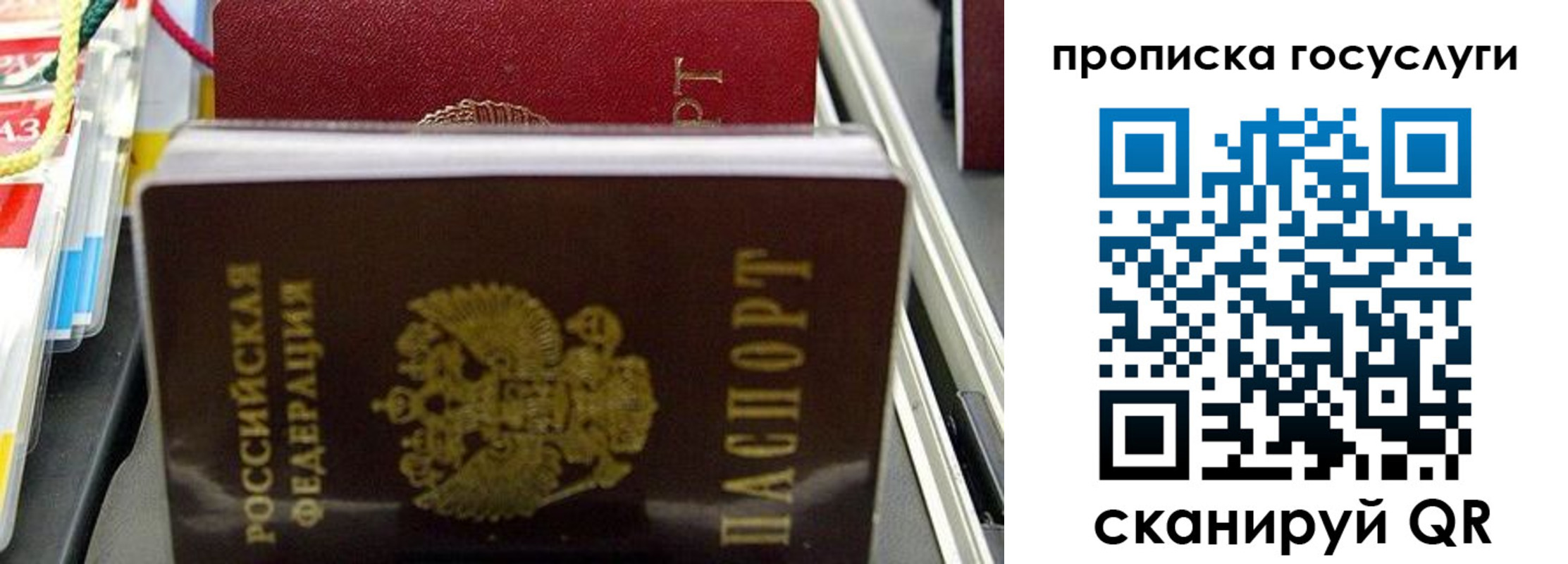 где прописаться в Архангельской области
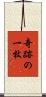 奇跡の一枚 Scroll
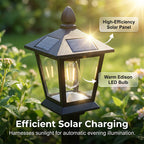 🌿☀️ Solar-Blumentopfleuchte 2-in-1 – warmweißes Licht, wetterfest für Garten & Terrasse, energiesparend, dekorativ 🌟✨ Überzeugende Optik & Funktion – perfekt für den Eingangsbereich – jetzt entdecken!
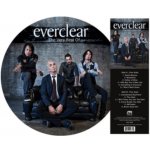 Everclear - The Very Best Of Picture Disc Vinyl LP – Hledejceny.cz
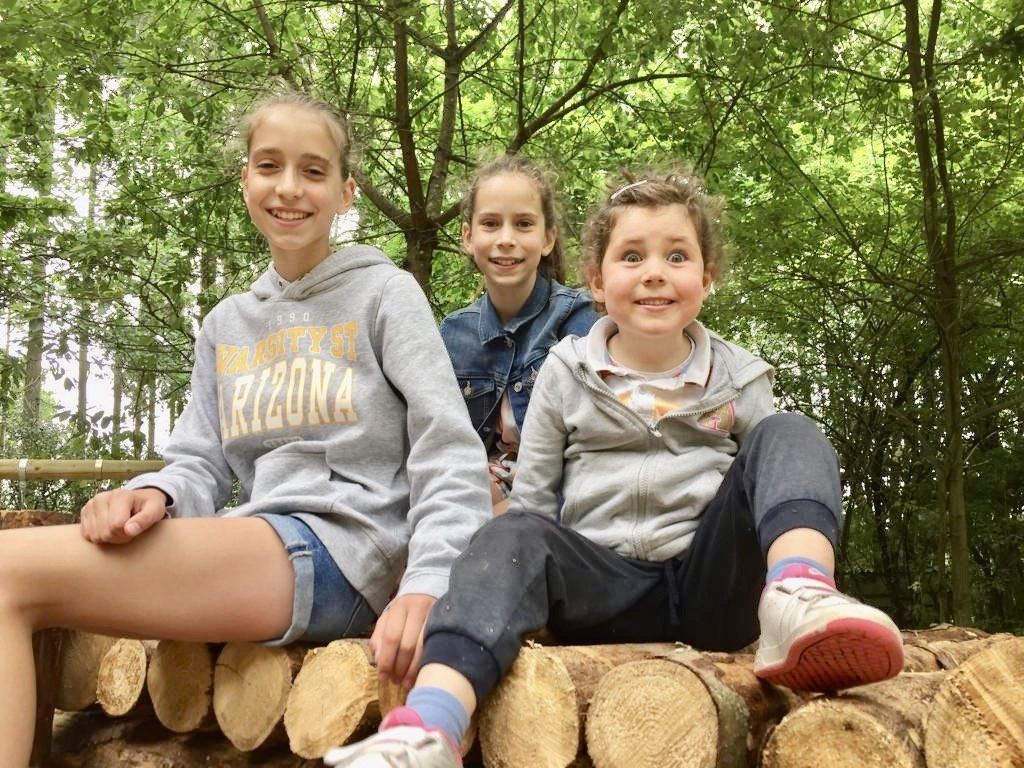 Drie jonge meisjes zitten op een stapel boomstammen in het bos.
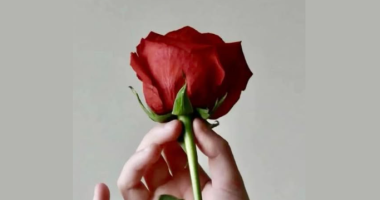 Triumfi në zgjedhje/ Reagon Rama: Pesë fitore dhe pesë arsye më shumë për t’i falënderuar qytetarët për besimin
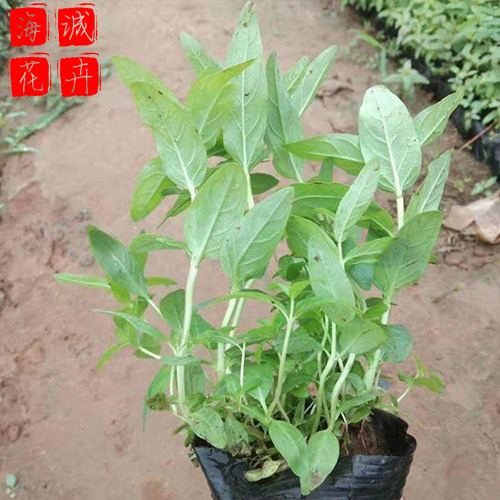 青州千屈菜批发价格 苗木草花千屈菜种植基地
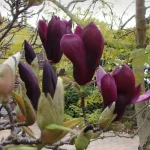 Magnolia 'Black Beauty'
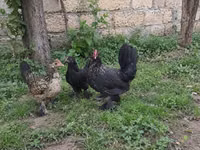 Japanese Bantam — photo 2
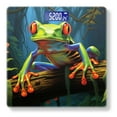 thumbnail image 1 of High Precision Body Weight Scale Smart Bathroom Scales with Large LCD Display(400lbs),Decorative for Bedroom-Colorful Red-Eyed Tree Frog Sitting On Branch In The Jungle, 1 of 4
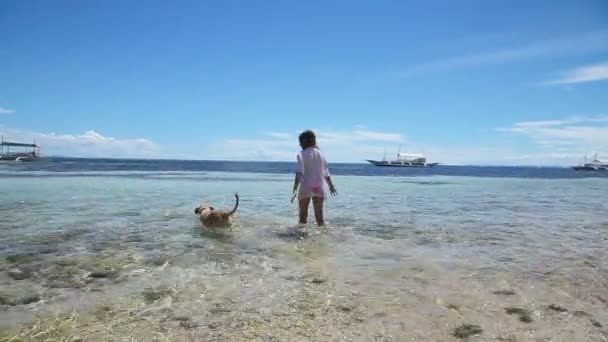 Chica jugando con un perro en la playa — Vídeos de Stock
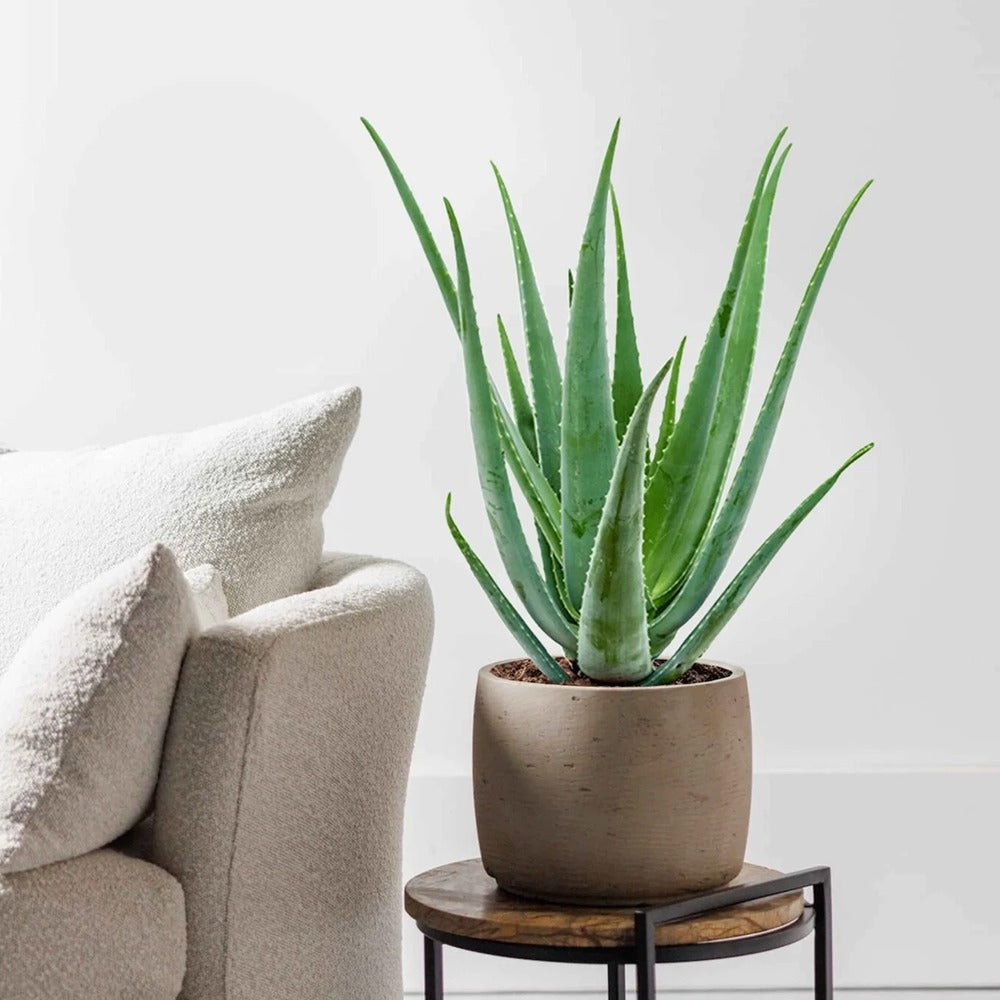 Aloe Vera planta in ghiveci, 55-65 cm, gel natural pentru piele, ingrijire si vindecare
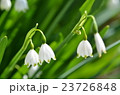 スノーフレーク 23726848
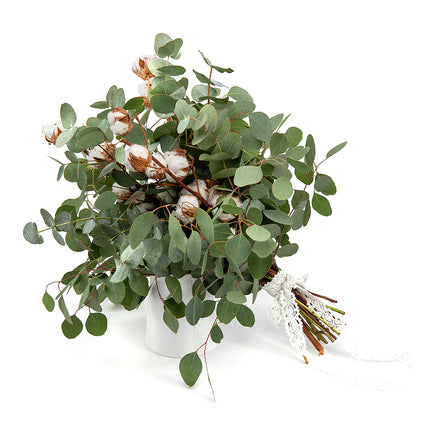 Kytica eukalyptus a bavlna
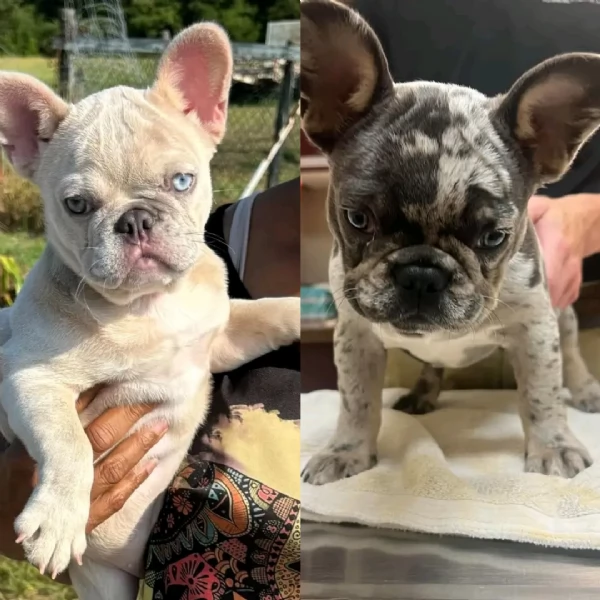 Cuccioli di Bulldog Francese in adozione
☆ ☆ ☆
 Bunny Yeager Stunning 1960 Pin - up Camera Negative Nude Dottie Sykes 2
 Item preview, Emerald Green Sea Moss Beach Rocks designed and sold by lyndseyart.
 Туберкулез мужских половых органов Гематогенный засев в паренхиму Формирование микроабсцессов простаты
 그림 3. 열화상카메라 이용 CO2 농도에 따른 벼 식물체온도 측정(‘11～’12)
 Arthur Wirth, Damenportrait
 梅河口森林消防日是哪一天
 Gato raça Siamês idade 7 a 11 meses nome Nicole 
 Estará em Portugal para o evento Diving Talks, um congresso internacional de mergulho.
☆ ☆ ☆
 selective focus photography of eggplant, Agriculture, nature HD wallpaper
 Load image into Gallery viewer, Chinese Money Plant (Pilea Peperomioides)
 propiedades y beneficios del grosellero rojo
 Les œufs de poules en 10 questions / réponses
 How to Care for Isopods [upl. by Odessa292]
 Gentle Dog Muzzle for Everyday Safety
☆ ☆ ☆
# [Try it]
All lines in the listing above from the line containing "How to Care for Isopods [upl. by Odessa292]" to the line containing "Gentle Dog Muzzle for Everyday Safety", inclusive, should be retyped exactly; no other lines should appear.

# [Answer for the task]
 How to Care for Isopods [upl. by Odessa292]
 Gentle Dog Muzzle for Everyday Safety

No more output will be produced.